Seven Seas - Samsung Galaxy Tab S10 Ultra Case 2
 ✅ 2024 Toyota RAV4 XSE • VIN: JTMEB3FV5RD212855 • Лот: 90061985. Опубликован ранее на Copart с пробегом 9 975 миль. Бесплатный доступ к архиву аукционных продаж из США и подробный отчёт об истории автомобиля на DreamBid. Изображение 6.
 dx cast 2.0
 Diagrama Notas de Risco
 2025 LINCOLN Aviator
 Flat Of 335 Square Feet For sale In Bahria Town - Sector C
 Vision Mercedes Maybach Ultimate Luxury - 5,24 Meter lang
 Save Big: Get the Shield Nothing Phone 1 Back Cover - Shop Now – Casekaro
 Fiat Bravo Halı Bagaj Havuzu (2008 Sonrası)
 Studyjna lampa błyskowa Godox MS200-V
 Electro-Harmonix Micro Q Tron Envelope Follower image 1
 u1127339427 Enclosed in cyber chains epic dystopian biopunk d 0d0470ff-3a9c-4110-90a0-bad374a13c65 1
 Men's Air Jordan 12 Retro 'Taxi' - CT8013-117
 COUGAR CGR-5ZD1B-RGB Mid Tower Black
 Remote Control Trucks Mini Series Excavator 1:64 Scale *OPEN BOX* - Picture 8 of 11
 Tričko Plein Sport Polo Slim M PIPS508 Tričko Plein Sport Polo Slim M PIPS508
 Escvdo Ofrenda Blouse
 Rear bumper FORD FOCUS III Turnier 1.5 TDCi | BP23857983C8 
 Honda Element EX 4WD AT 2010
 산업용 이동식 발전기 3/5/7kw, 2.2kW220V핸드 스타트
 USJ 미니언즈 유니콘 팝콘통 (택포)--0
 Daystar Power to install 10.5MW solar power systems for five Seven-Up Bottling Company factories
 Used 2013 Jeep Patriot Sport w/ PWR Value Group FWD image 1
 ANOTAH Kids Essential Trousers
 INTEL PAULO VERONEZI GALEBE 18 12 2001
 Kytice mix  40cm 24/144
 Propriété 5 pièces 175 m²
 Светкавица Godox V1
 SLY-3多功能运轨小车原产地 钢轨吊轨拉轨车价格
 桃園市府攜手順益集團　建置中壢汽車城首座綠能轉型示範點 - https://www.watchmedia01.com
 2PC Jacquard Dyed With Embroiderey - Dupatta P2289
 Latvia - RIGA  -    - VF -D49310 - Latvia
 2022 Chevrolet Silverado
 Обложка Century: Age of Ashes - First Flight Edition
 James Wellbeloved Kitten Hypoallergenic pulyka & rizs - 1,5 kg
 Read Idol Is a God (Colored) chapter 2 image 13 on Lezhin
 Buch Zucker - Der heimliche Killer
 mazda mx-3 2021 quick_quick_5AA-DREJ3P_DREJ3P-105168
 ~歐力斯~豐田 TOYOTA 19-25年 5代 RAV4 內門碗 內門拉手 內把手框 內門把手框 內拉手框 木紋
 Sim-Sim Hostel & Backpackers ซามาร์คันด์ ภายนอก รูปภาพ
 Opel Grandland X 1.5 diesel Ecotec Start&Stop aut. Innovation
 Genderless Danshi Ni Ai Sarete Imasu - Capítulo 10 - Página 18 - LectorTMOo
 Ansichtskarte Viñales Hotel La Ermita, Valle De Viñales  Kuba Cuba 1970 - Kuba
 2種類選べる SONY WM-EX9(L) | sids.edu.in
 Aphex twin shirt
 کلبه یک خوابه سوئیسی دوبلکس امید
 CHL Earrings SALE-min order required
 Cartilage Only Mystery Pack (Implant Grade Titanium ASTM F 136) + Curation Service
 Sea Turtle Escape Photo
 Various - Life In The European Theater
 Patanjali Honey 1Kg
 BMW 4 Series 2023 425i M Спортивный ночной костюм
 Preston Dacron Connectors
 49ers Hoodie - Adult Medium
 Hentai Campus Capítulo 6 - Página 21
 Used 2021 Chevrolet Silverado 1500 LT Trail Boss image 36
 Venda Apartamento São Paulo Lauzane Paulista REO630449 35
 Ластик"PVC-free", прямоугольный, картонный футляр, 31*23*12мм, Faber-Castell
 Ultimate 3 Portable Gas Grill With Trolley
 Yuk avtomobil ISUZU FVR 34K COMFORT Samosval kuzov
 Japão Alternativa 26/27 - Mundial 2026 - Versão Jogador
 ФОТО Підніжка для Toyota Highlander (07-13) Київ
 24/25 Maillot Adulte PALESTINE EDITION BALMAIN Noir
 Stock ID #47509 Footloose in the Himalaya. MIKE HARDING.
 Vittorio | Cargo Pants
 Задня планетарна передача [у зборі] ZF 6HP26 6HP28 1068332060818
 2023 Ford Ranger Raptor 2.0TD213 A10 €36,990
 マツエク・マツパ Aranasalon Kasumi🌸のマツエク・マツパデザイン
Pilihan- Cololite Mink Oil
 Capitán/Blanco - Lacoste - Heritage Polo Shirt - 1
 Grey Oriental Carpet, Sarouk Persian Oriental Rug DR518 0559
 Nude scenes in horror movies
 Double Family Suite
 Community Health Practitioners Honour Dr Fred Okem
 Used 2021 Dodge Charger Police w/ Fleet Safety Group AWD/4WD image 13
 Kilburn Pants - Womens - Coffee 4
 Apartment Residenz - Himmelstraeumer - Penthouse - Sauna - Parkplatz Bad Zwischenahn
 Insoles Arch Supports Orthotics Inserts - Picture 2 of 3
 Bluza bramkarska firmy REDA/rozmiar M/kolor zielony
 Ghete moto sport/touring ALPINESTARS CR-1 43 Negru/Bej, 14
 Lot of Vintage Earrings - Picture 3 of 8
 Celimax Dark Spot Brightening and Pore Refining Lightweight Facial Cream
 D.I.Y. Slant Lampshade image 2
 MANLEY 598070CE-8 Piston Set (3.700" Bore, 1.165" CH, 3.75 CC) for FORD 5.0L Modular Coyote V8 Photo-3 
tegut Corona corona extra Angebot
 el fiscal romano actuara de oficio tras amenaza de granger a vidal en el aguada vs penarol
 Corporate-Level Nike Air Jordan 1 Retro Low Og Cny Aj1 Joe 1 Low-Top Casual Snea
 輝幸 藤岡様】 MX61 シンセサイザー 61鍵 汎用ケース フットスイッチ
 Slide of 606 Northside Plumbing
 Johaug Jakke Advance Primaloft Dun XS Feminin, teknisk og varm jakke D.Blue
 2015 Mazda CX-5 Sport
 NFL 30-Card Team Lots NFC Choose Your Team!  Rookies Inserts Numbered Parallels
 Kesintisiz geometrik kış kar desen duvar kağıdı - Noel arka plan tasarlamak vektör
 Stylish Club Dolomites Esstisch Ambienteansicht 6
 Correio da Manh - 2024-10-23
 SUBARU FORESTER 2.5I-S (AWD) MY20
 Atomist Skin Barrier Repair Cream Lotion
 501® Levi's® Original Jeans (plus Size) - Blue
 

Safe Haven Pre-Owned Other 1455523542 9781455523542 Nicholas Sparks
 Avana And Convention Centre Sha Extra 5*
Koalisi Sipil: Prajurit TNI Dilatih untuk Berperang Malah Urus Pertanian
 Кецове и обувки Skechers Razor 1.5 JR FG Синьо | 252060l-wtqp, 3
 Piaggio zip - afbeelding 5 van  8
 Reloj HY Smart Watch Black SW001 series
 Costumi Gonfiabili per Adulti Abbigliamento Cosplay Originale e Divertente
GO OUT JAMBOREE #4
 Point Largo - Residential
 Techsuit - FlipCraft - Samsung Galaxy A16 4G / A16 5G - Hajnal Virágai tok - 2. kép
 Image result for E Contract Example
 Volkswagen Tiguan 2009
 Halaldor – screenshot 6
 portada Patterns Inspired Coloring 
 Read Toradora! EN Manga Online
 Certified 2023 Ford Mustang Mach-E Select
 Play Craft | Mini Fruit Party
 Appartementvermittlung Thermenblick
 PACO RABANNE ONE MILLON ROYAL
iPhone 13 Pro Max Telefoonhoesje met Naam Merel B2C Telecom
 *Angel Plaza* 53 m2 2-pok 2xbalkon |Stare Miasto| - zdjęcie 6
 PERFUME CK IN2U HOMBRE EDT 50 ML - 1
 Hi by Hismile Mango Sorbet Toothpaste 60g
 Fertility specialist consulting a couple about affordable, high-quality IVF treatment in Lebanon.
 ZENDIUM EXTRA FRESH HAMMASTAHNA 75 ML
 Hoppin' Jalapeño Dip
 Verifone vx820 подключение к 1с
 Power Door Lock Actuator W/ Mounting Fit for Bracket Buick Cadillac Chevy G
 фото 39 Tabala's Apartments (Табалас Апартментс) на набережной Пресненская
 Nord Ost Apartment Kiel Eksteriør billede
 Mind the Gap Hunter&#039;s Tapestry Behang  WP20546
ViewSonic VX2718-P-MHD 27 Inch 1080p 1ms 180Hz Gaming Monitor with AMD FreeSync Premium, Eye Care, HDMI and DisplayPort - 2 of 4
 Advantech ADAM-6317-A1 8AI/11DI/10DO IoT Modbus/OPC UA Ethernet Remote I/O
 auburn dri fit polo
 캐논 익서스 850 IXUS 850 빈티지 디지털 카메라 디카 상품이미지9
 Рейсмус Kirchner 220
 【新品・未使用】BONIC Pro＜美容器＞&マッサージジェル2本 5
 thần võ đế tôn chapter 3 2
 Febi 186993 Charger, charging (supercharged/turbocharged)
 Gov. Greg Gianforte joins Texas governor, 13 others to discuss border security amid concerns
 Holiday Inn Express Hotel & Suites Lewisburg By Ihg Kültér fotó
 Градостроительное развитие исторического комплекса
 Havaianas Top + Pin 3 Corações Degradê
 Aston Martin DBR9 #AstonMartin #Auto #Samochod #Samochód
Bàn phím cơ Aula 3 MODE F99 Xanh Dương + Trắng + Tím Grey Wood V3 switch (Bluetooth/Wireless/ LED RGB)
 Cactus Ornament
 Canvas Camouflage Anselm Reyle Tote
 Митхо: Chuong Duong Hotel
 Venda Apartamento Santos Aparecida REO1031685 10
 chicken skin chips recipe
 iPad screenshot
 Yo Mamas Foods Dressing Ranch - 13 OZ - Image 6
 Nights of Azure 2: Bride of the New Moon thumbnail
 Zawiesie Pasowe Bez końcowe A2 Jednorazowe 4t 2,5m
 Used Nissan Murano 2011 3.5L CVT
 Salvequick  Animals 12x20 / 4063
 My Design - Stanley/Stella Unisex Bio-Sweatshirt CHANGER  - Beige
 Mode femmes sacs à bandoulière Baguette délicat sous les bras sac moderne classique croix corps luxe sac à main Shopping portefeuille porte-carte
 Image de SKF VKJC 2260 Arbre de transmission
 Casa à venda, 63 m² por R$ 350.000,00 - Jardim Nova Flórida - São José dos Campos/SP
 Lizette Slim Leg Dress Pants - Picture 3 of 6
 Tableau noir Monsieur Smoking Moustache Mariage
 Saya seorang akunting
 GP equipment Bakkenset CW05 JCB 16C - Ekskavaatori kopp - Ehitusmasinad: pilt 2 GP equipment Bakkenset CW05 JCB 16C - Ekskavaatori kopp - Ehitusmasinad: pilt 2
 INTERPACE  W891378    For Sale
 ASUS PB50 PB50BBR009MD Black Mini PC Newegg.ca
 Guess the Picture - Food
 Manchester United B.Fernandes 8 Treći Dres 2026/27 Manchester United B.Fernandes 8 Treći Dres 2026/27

***

INSTRUCTIONS TO FOLLOW = Please return exactly the lines from the first line of the material through the one with "Sim-Sim Hostel &", and no lines after it.

SOLUTION TO THE PROBLEM =
Seven Seas - Samsung Galaxy Tab S10 Ultra Case 2
 ✅ 2024 Toyota RAV4 XSE • VIN: JTMEB3FV5RD212855 • Лот: 90061985. Опубликован ранее на Copart с пробегом 9 975 миль. Бесплатный доступ к архиву аукционных продаж из США и подробный отчёт об истории автомобиля на DreamBid. Изображение 6.
 dx cast 2.0
 Diagrama Notas de Risco
 2025 LINCOLN Aviator
 Flat Of 335 Square Feet For sale In Bahria Town - Sector C
 Vision Mercedes Maybach Ultimate Luxury - 5,24 Meter lang
 Save Big: Get the Shield Nothing Phone 1 Back Cover - Shop Now – Casekaro
 Fiat Bravo Halı Bagaj Havuzu (2008 Sonrası)
 Studyjna lampa błyskowa Godox MS200-V
 Electro-Harmonix Micro Q Tron Envelope Follower image 1
 u1127339427 Enclosed in cyber chains epic dystopian biopunk d 0d0470ff-3a9c-4110-90a0-bad374a13c65 1
 Men's Air Jordan 12 Retro 'Taxi' - CT8013-117
 COUGAR CGR-5ZD1B-RGB Mid Tower Black
 Remote Control Trucks Mini Series Excavator 1:64 Scale *OPEN BOX* - Picture 8 of 11
 Tričko Plein Sport Polo Slim M PIPS508 Tričko Plein Sport Polo Slim M PIPS508
 Escvdo Ofrenda Blouse
 Rear bumper FORD FOCUS III Turnier 1.5 TDCi | BP23857983C8 
 Honda Element EX 4WD AT 2010
 산업용 이동식 발전기 3/5/7kw, 2.2kW220V핸드 스타트
 USJ 미니언즈 유니콘 팝콘통 (택포)--0
 Daystar Power to install 10.5MW solar power systems for five Seven-Up Bottling Company factories
 Used 2013 Jeep Patriot Sport w/ PWR Value Group FWD image 1
 ANOTAH Kids Essential Trousers
 INTEL PAULO VERONEZI GALEBE 18 12 2001
 Kytice mix  40cm 24/144
 Propriété 5 pièces 175 m²
 Светкавица Godox V1
 SLY-3多功能运轨小车原产地 钢轨吊轨拉轨车价格
 桃園市府攜手順益集團　建置中壢汽車城首座綠能轉型示範點 - https://www.watchmedia01.com
 2PC Jacquard Dyed With Embroiderey - Dupatta P2289
 Latvia - RIGA  -    - VF -D49310 - Latvia
 2022 Chevrolet Silverado
 Обложка Century: Age of Ashes - First Flight Edition
 James Wellbeloved Kitten Hypoallergenic pulyka & rizs - 1,5 kg
 Read Idol Is a God (Colored) chapter 2 image 13 on Lezhin
 Buch Zucker - Der heimliche Killer
 mazda mx-3 2021 quick_quick_5AA-DREJ3P_DREJ3P-105168
 ~歐力斯~豐田 TOYOTA 19-25年 5代 RAV4 內門碗 內門拉手 內把手框 內門把手框 內拉手框 木紋
 Sim-Sim Hostel & Backpackers ซามาร์คันด์ ภายนอก รูปภาพ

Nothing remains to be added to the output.